Starting a Plot
While bar charts are good for displaying one measurement for categorical data, they are not nearly so helpful for comparing different measurements to each other. For example, endorsements and downloads are two interesting measures we have not worked with yet. If we want to see how they relate to each other, even a side-by-side bar chart (where each category has two bars, one for endorsements and one for downloads) will not be very helpful in making any meaningful comparisons. Further, if we want to examine the relationship between the two measures for individual mods, rather than for entire categories of mods, we would be out of luck. We would need 10,000 bars! Instead, we will make use of the scatter plot, an excellent type of chart for finding the correlation between two measurements.
In this section we will make two scatter plots. The first will compare Endorsements to Total Downloads, and the second will compare a calculated field we will call Approval Ratio to Total Downloads.
Our goal for the Endorsements scatter plot is to compare the endorsemens a mod receives with the total number of times that mod is downloaded. How are the two measures related to each other?

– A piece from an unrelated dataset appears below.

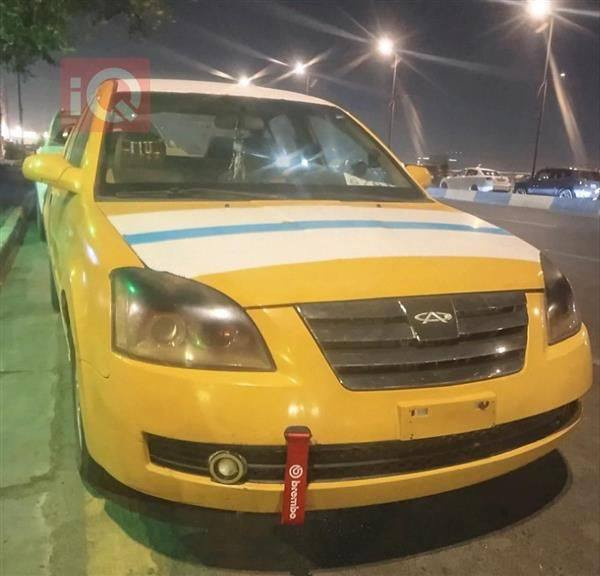 سلام عليكم شيري A5مكينه وكير مكفولات لاتنقيص ولاتبخير خير من الله موديل 2011 تبريد نقص غاز السياره بااسمي مداور ثاني يوم  رقم انكليزي السياره مابيها حادث بيها تلاكيط خياس  رقم بغداد السعر 30
***********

My initial assumption is that they would be heavily correlated, with high total downloads corresponding to high endorsements, but how related will they be and how much variation will there be? Another interesting question is: Which mods stand out within these measures? There are sure to be a few outliers, data points that do not fall within the same area as the majority of points.
Our goal for the first scatter plot is to compare the endorsements a mod receives with the total number of times that mod is downloaded. How are the two measures related to each other? My initial assumption is that they would be heavily correlated, with high total downloads corresponding to high endorsements, but how related will they be and how much variation will there be? Another interesting question is: Which mods stand out within these measures? There are sure to be a few outliers, data points that do not fall within the same area as the majority of points.
- Make a scatter plot.
- Use Columns and Rows to add dimensions/measures to a worksheet.
Endorsements Scatter Plot
- Click on the New Worksheet button.
- Right click the new worksheet and rename it Endorsements.
- Note that on the left we still have sections for both mods.csv data and tags.csv data. If you collapsed mods.csv for convenience while building the Top Tags bar chart, you will now want to collapse tags.csv and expand mods.csv.
What happens if we use tags.csv instead of mods.csv? We will be creating a point in the plot for each mod. In mods.csv, one record corresponds to one mod, so this will be a straightforward process. In tags.csv, many mods will have multiple records, so our default solution would end up adding together the endorsements and downloads for each of these records, creating extremely inflated values based on the number of tags a mod uses. Changing from sum to average values might be the perfect solution to this, although it does add an extra step, but some mods may not have tags at all. These mods would not be in our tags dataset. The only solution for this issue (that does not involve creating a new dataset) is to use the mods dataset.
Scatter plots rely more heavily on the Rows and Columns fields (found at the top of the application) than our previous charts did. However, it is not necessary to know how we want the data arranged. We will prove this by adding both our measures to the Rows field.
- Locate Endorsements under mods.csv on the Data sidebar and drag it onto Rows.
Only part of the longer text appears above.